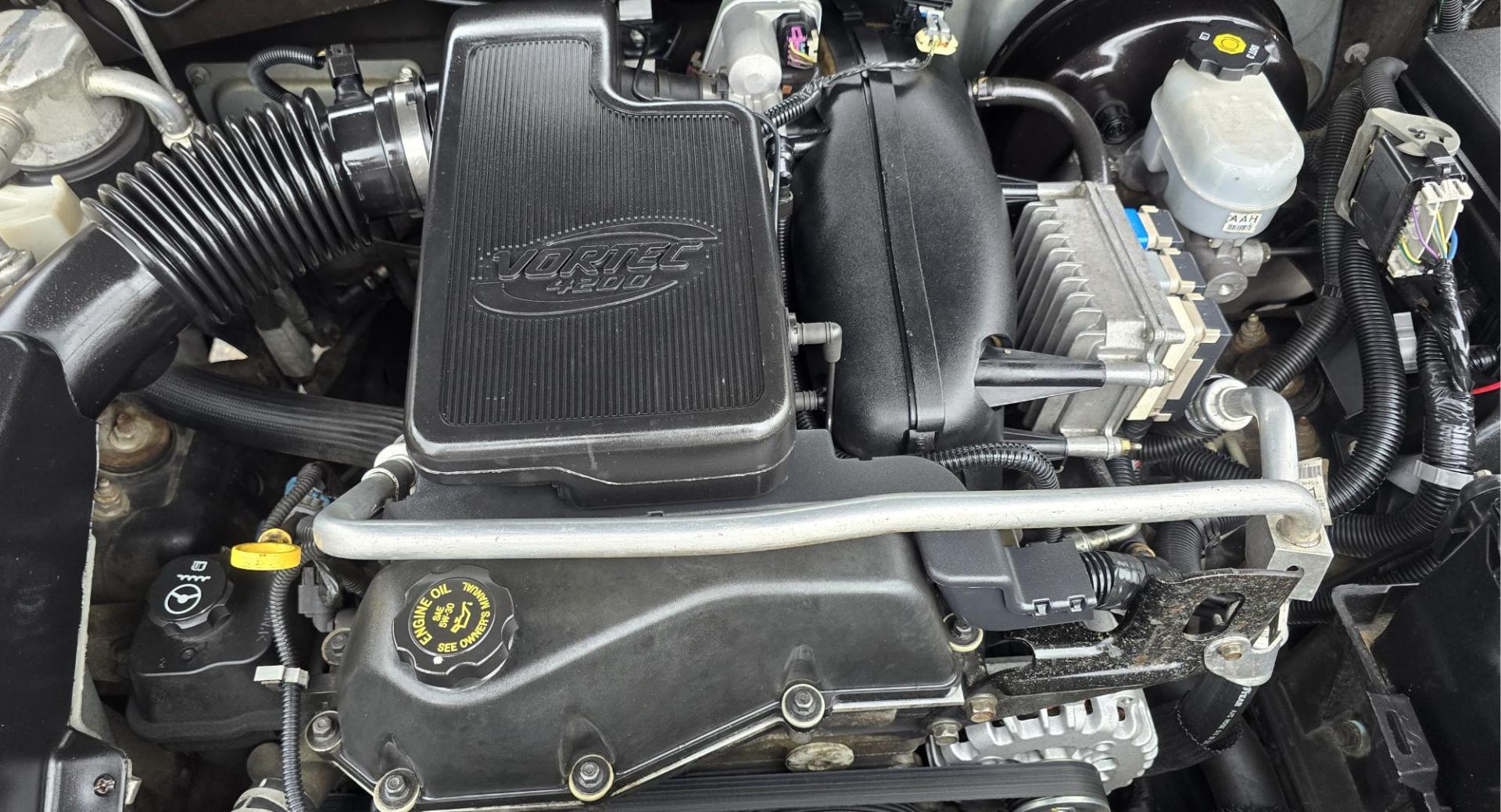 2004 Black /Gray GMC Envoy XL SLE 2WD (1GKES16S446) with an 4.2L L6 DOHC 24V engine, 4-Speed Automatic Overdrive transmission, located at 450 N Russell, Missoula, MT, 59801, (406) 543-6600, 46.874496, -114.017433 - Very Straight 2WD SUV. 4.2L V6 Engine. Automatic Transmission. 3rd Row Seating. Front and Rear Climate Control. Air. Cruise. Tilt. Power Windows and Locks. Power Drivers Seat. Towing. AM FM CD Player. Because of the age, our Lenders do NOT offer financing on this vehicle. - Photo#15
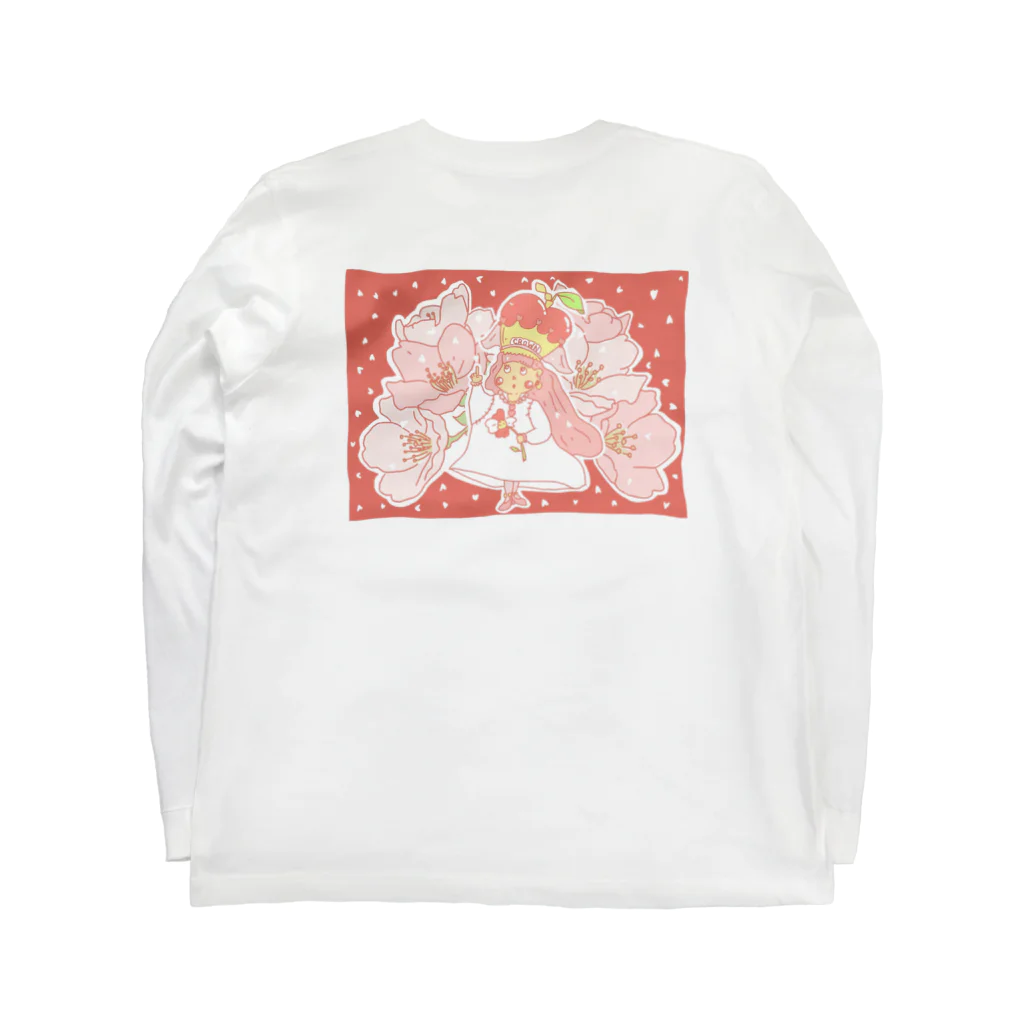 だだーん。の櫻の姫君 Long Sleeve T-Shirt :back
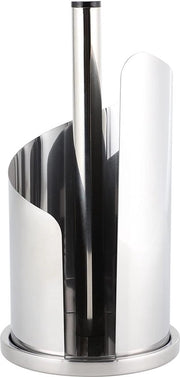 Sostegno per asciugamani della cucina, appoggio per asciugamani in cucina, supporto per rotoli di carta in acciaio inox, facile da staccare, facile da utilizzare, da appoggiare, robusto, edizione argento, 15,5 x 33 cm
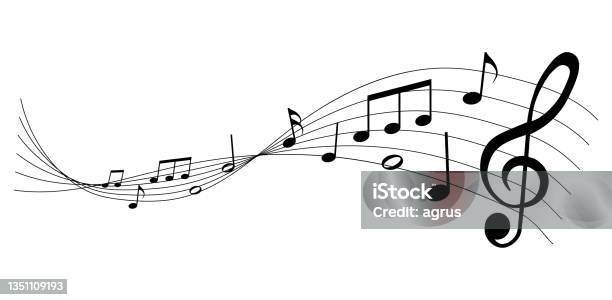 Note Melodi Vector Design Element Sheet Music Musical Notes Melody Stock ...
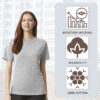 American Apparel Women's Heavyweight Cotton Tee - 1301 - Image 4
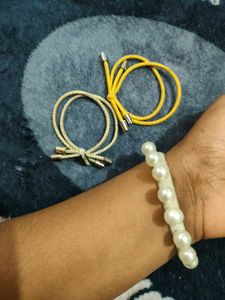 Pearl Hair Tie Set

==

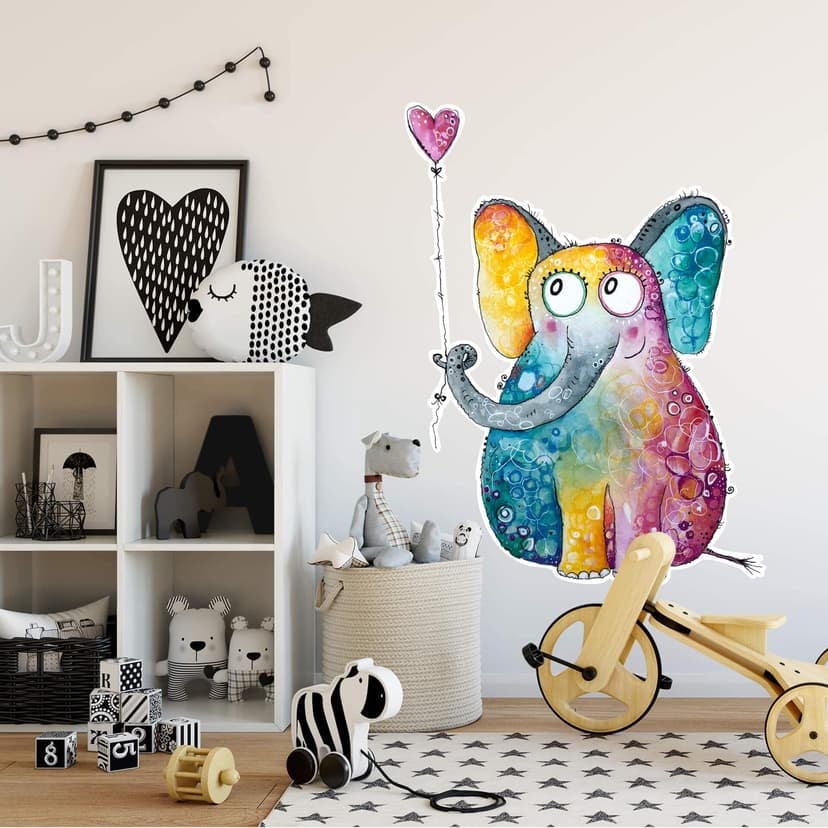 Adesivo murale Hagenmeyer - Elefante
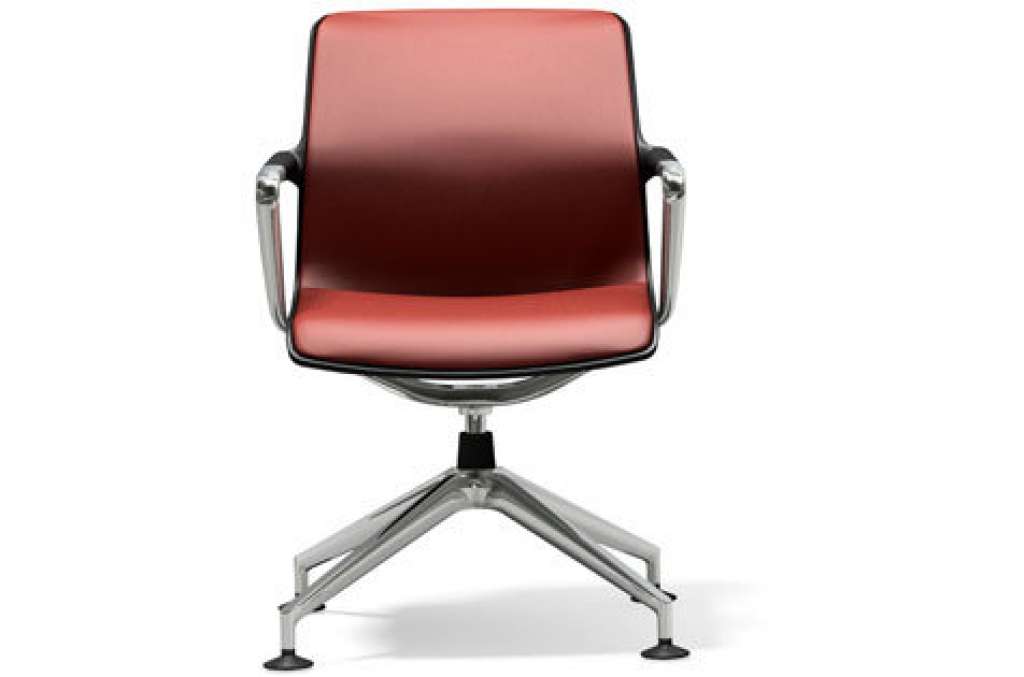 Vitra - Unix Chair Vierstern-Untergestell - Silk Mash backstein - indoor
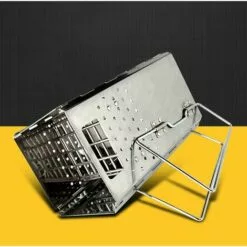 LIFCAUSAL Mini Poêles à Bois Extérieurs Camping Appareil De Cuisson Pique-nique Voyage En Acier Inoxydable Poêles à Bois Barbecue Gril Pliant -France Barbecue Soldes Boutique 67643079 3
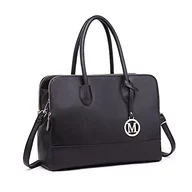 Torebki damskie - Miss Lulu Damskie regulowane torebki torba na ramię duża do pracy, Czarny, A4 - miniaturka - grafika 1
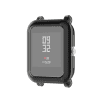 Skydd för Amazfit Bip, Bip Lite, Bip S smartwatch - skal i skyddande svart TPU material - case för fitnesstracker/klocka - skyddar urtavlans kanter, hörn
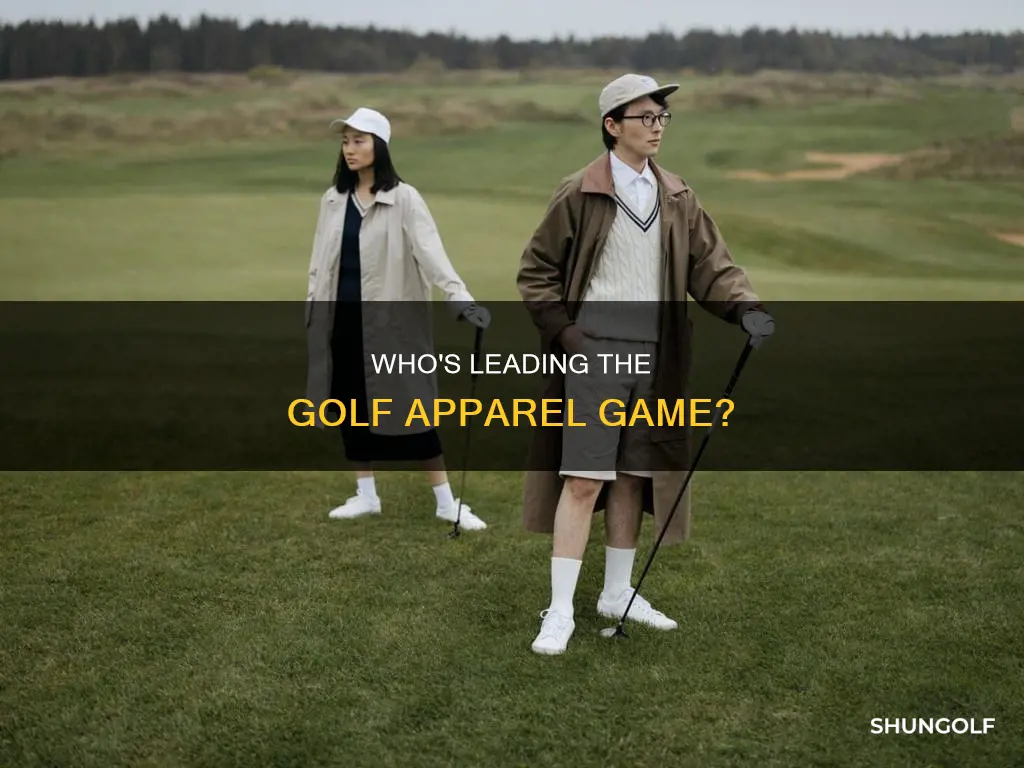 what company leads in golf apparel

---

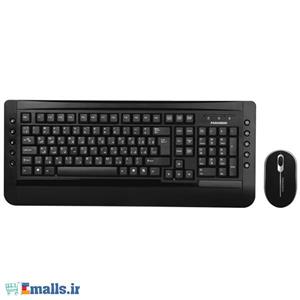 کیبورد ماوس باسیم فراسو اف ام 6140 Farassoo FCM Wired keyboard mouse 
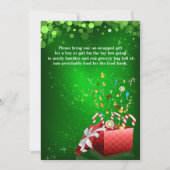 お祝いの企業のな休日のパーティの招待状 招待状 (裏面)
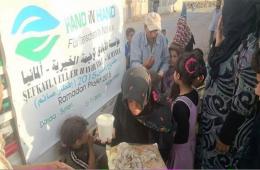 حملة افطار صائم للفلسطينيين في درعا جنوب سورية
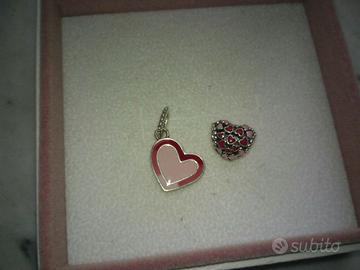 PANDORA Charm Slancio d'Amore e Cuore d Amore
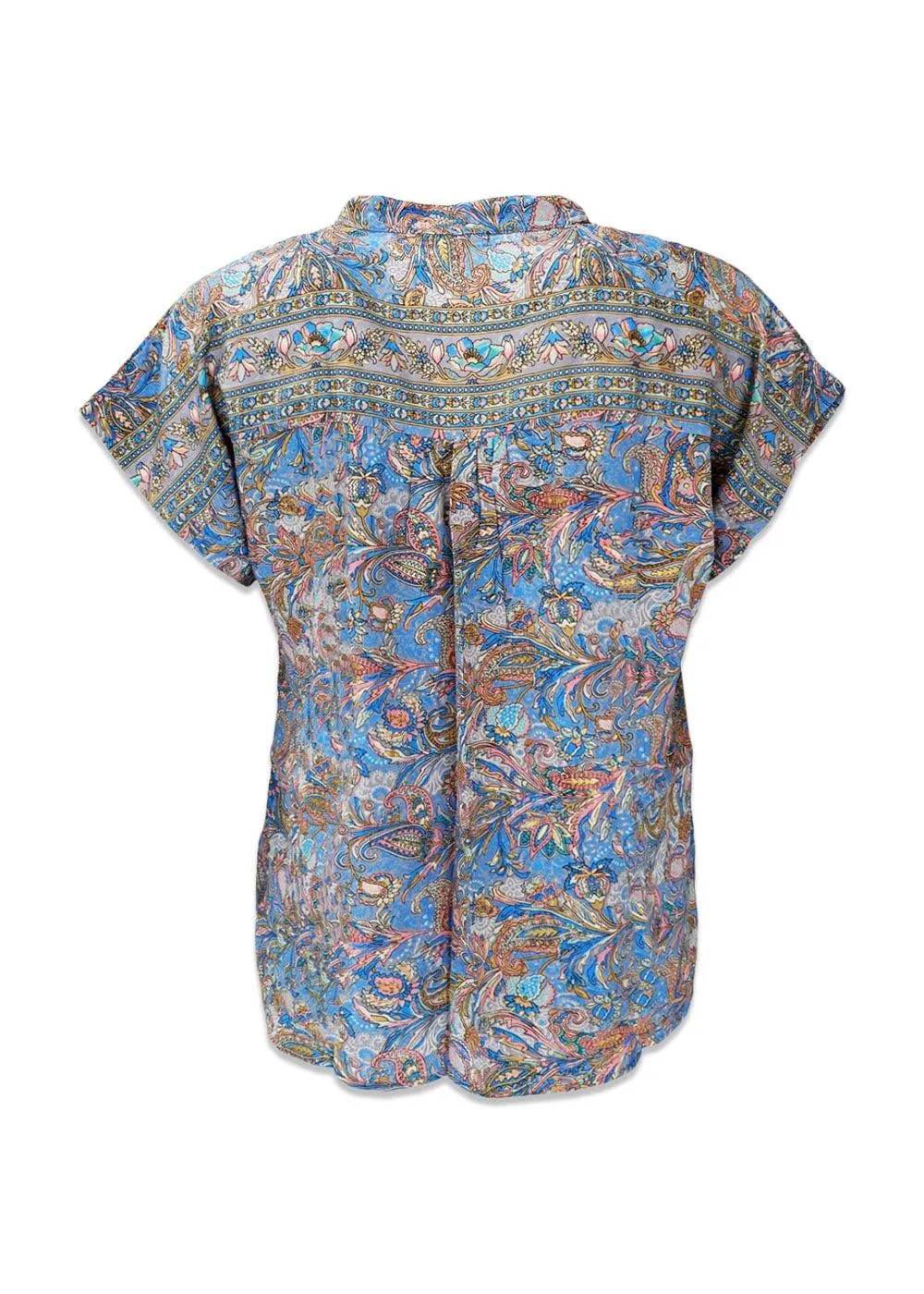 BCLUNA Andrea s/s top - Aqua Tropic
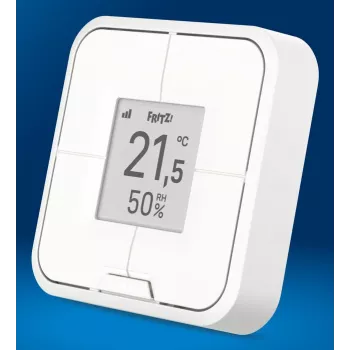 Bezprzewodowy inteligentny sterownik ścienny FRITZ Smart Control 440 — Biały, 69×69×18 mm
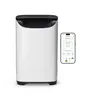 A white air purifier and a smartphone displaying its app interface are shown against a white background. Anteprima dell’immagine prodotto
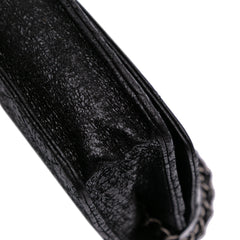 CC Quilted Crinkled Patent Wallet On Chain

▸ EXERCISE DETAILS
Repeat, without pictures, exactly the lines of the data above from the one containing "American Apparel Women's" through the one containing "Pearl Hair Tie Set", including both and adding nothing.

▸ TASK SOLUTION
 American Apparel Women's Heavyweight Cotton Tee - 1301 - Image 4
 Pearl Hair Tie Set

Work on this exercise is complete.